After such a strong tournament, Allen easily could have left for the NBA and been picked in the first round. Nobody would’ve blamed him if he did.

“Now that there was this small steam where NBA executives said as a sophomore, I should enter my name into the draft,” he said. “I started having people approaching me saying ‘You’re good enough, you can get drafted in the first round’ and I just thought a lot of that had to do with my tournament and how I played going into that game.

Just like he did in high school, Allen didn’t believe in himself enough to make the jump to the next level. He also treasured his time in college and wasn’t ready to give that up quite yet.

“I didn’t believe it myself yet,” he said. “I wanted to be able to see if I could do it for a whole year so [the 1995 NCAA Tournament] was a great indicator at the time but it still wasn’t enough to convince me to drop everything because college at the time was still too fun for me.
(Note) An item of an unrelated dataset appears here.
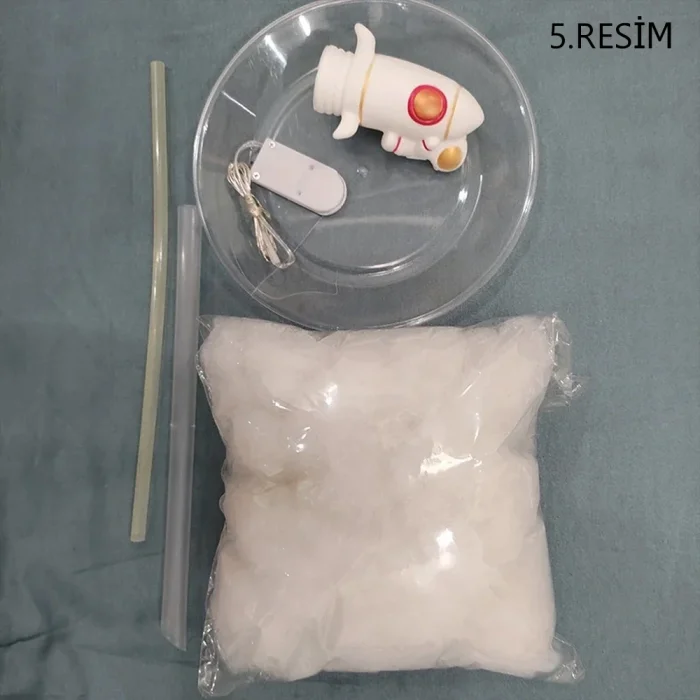 BUĞZ Kendin Yap Uçan Astronot Tasarımlı Gece Lambası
I wanted to make sure I gave it everything I could before I was ready to move on.”

The decision paid off for Allen as he flourished into one of the nation’s top players. After the graduation of stars Donyell Marshall and Kevin Ollie, the weight on the team was put on Allen’s shoulders.

“In my junior year, when you’re going through the Big East and you’re taking the brunt of everything and I’m the preseason player of the year going into the year, I knew there was a lot of pressure,” he said.
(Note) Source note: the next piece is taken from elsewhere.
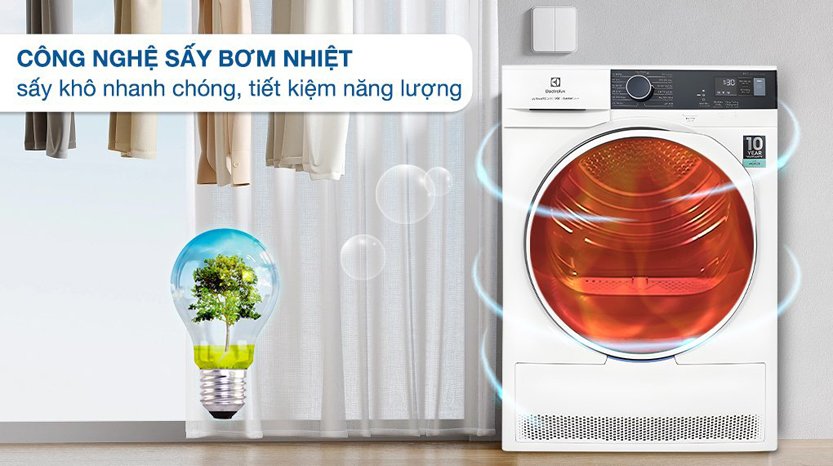 say bom nhiet heatpump may say bom nhiet electrolux 8 kg edh804h5wb 3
“I wanted to see if I could live up to who I believed I could be but for me it was never about the NBA at that moment, it was about me winning an NCAA championship and helping get to the tournament and winning the Big East Tournament. It was these small goals that were in front of me everyday that kept me focused.”

Behind their star, the Huskies won both the Big East regular season and tournament titles. Allen was named the Big East Player of the Year and consensus All-American. However, UConn fell short of their ultimate goal, a national championship, after losing to Mississippi State in the Sweet 16.

After his junior season, Allen proved his performance during the 1995 NCAA Tournament was no fluke and he was ready for the NBA. He declared for the draft and was picked No. 5 overall by the Milwaukee Bucks.

Allen went on to play 20 seasons in the league with four different teams and played a critical role in two NBA titles. He spent two decades as a star playing against the best players in the world. He’ll go down as one of the greatest 3-point shooters of all-time.